> **Data section**:
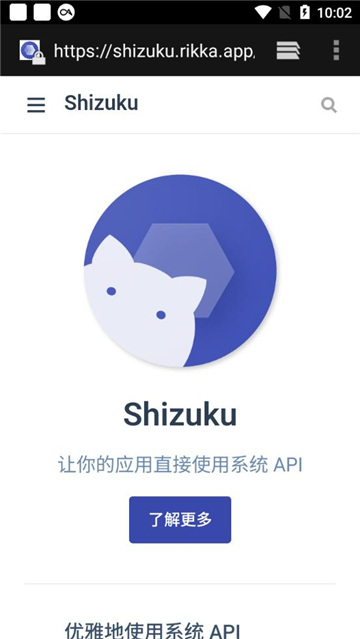 shizuku軟件安卓版截圖3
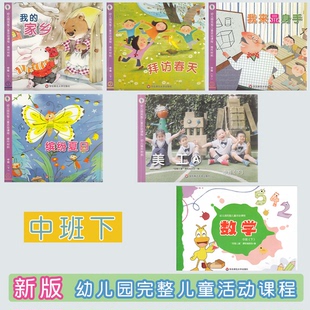 幼儿园完整儿童活动课程全6册幼儿操作材料中班下册拜访春天我的家乡我来显身手缤纷夏日数学美工学生用书教材华东师范大学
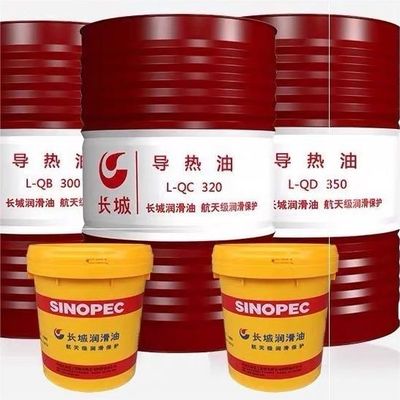 Guter Preis Sinopec L-QD350 Synthetische Art Thermalöl Große Mauer Schmiermittel in China Online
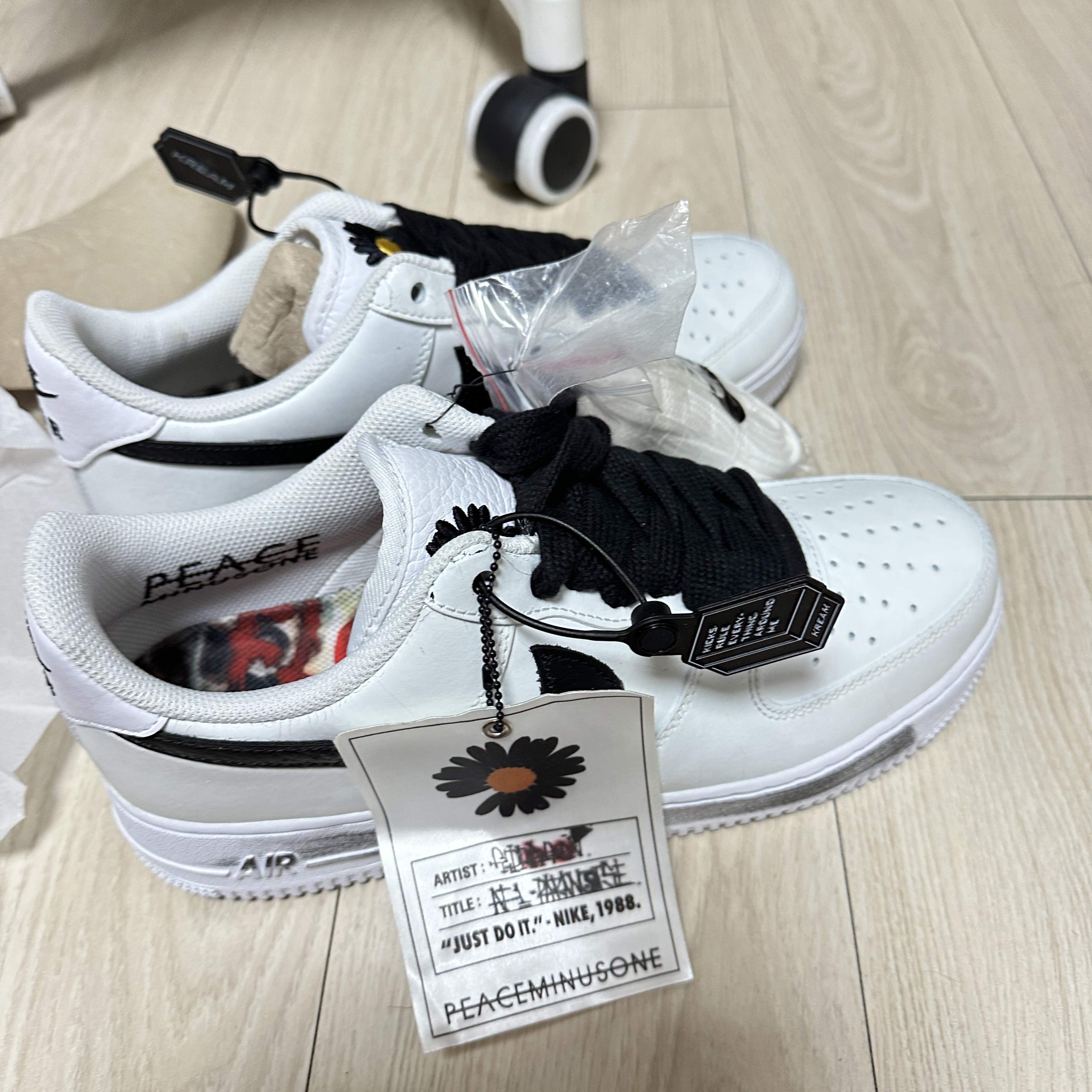 Nike x Peaceminusone Air Force 1 Low Para-Noise 2.0 착용 스타일 - 2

> **Action item**: Your answer must be an exact copy of the lines above, from the line that contains "幼儿园完整儿童活动课程全6册" through the final line, with no pictures in it.

> **Result below**:
 幼儿园完整儿童活动课程全6册幼儿操作材料中班下册拜访春天我的家乡我来显身手缤纷夏日数学美工学生用书教材华东师范大学
 Guter Preis Sinopec L-QD350 Synthetische Art Thermalöl Große Mauer Schmiermittel in China Online
 Nike x Peaceminusone Air Force 1 Low Para-Noise 2.0 착용 스타일 - 2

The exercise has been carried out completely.